She married at 20, even younger than I at 22, and we lost track of each other. We reconnected in San Antonio when I was a young wife. We two couples socialized occasionally, and she accompanied me to the doctor’s office when I went to find out if I was pregnant. My first husband didn’t want to take off from work, so Deborah found out before he did that I was expecting. She knew we were hoping for a boy, so on the way home she stopped and bought a tiny blue sleeper. “Somebody has to make a decision about the sex of this baby!” she told me.

The day I brought my son home from the hospital, I called her in a panic and told her I didn’t know how to make the bottles, and my diaper-changing skills were failing, too. She asked if I was alone, and when I said yes, she said, “I’ll be right there!” I had very little family in town, and most people had assumed the baby’s father would be with me getting in some bonding time. However, he brought us home, dropped us off , and returned to the office. There are reasons that marriage didn’t work out.

Deb showed up at my door in a brightly colored, Chinese print wrapper, with her hair in giant hot curlers, her little boy, Darrell Jr., in tow. She showed me how to change diapers, made a load of sterile bottles for me, made sure I was calmer, and left. Seems she had been getting ready for a fancy night out when I called. The woman was a force of nature.

Three years later, when I was going through my divorce, her father, the architect, and her husband, the custom home builder, gave me a job as a secretary in their office. Her father taught me to compose business letters (“Say what you have to say and shut up!”), and her husband taught me the basic principles of cost accounting. Because of them I had skills other than typing when I moved to Houston in 1981.

Fast forward to 2011. We had lost touch again and I didn’t know until our 45th high school reunion what she and Darrell had gone through. We reconnected and became close friends again. We even got to visit their ranch, and they drove down to Austin and went with us to lunch and the Zach Theatre. We all had tickets to do it again in February when she passed away.

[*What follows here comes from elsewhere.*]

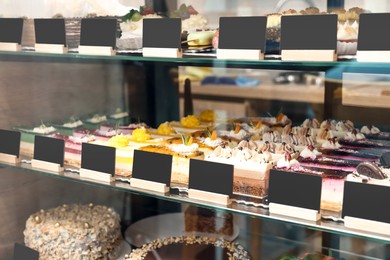 Photo of Showcase with different tasty desserts in bakery shop, closeup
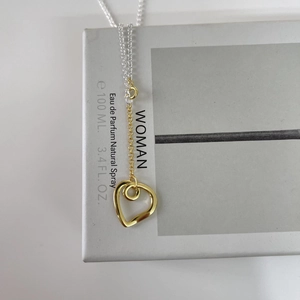 Close-up of minimalist heart pendant with mixed gold and silver tones on a gift box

Bryan and I attended her funeral in Fredericksburg last Monday. It was held at St. Barnabas, a beautiful little Episcopal church there. It was packed with friends and family, and we all looked like we were about to fall apart. I know I was. The service was lovely and comforting, and by the end I felt better able to keep a grip.

Afterwards in the parish hall, we sat with a couple who had met Deb and Darrell on a cruise. We shared stories and laughed together, no longer strangers. The healing began there.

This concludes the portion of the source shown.